• [What to do]: For this exercise, write out the full listing that follows exactly and skip its pictures.

********************

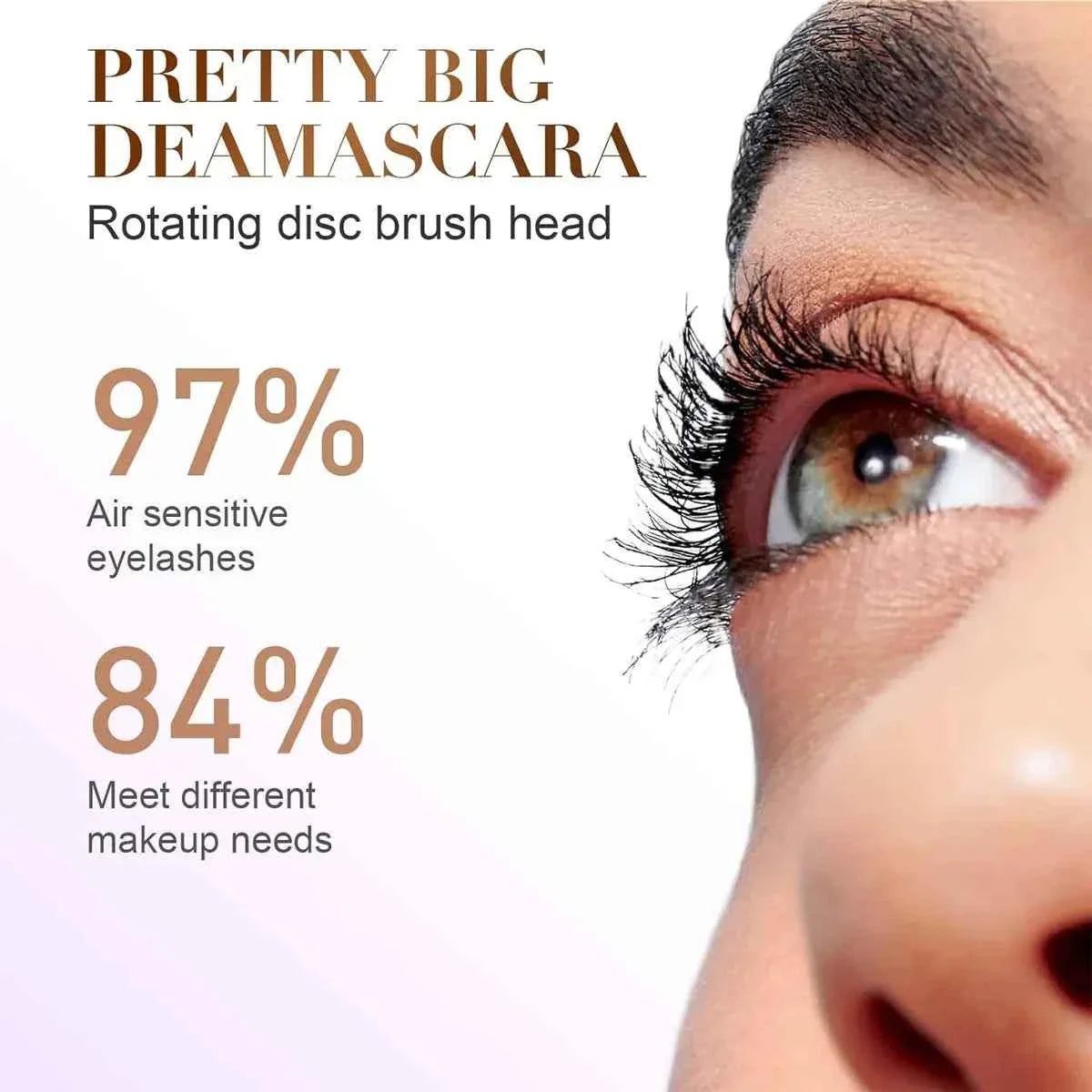 LAST DAY - BUY 1 GET 1 FREE💜Waterproof Curling & Lengthening Mascara
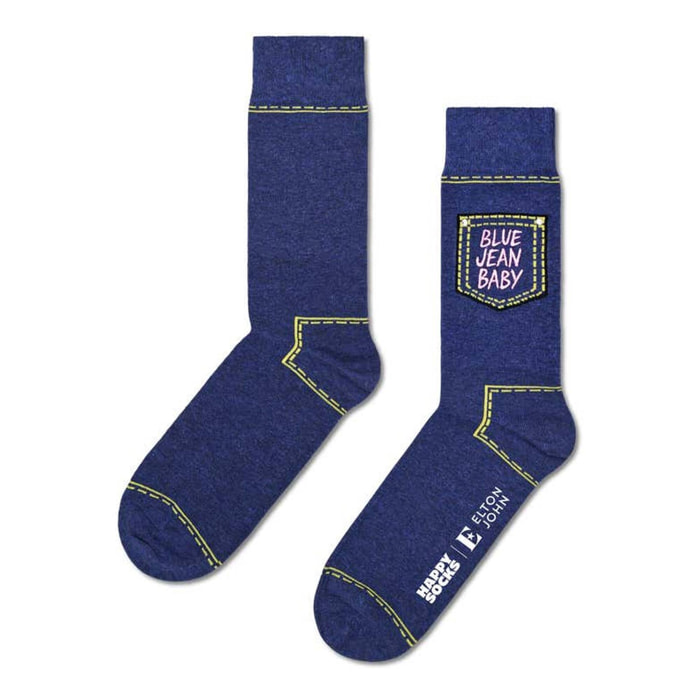 Calcetines elton john blue jean baby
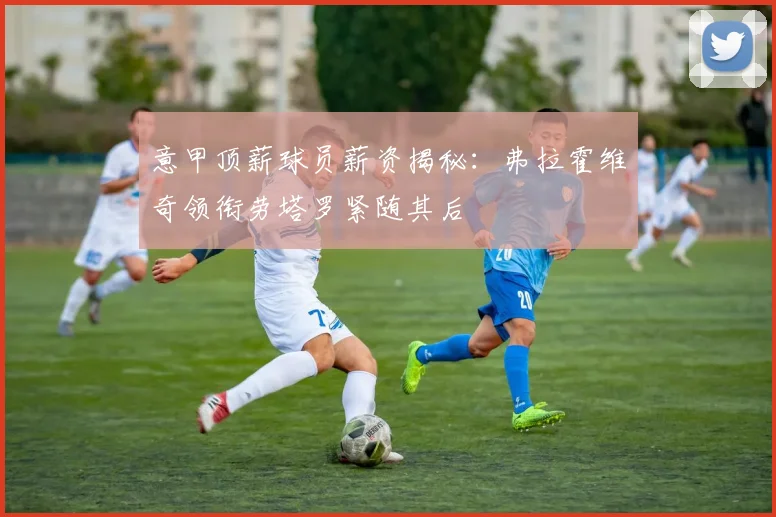 意甲顶薪球员薪资揭秘：弗拉霍维奇领衔劳塔罗紧随其后
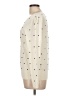 Talbots Polka Dots Ivory Pullover Sweater Size L - photo 5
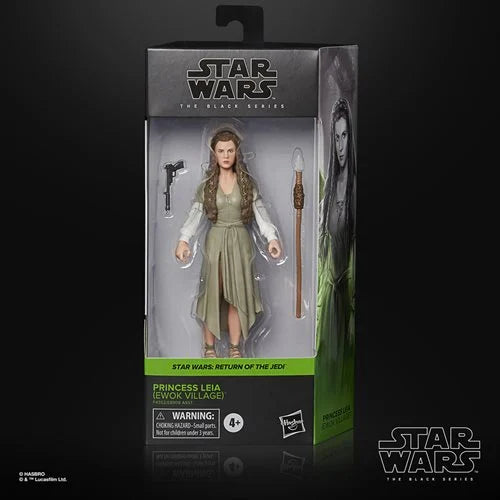 princess leia ewok dress Star Wars The Black Series Princess Leia (Ewok Village) Action Figure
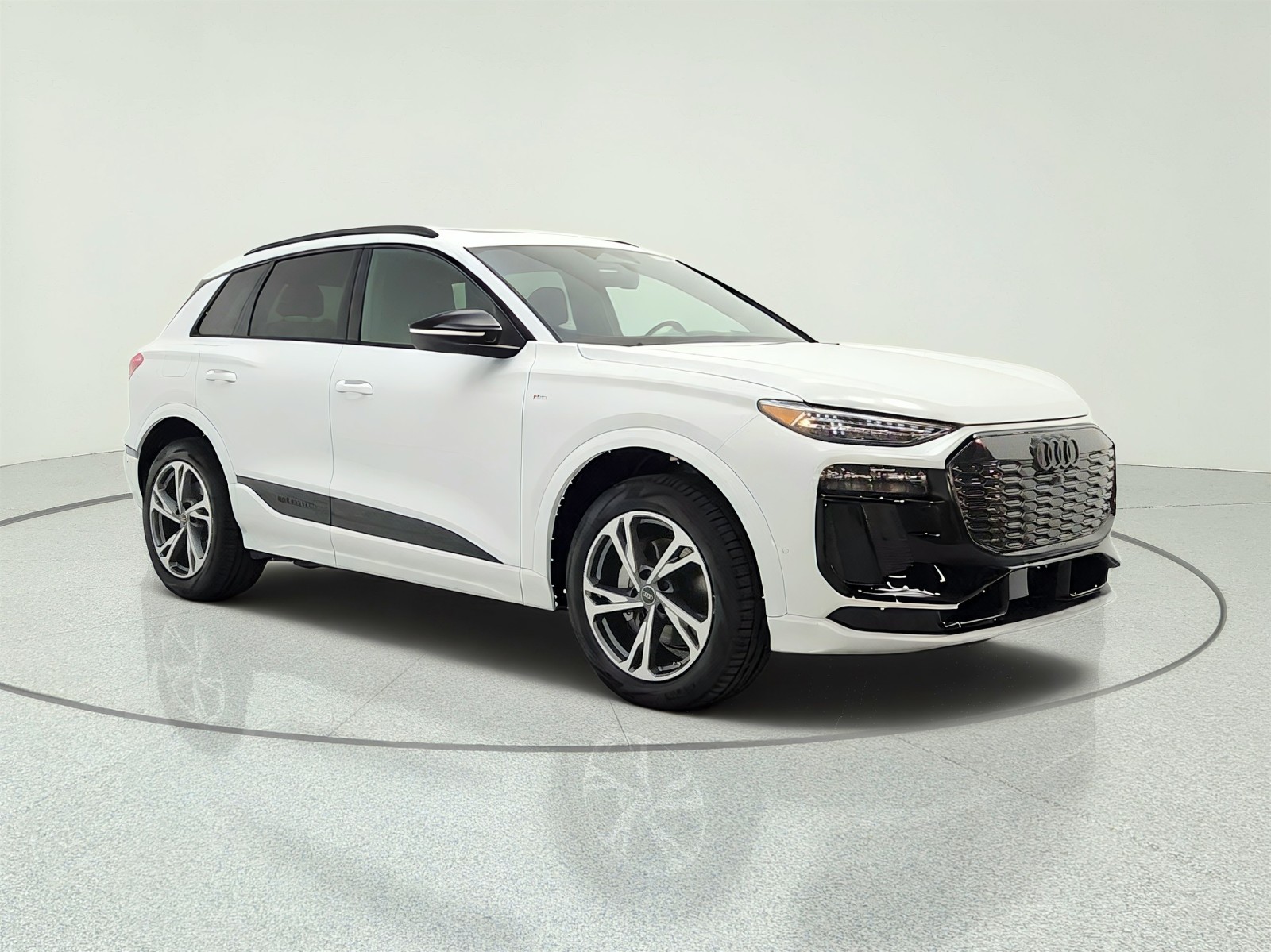 New 2027 Glacier White Metallic Audi Premium Plus quattro image 3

********************

• [Result of this exercise]:
 LAST DAY - BUY 1 GET 1 FREE💜Waterproof Curling & Lengthening Mascara
 Calcetines elton john blue jean baby
 意甲顶薪球员薪资揭秘：弗拉霍维奇领衔劳塔罗紧随其后
 Talbots Polka Dots Ivory Pullover Sweater Size L - photo 5
 princess leia ewok dress Star Wars The Black Series Princess Leia (Ewok Village) Action Figure
 New 2027 Glacier White Metallic Audi Premium Plus quattro image 3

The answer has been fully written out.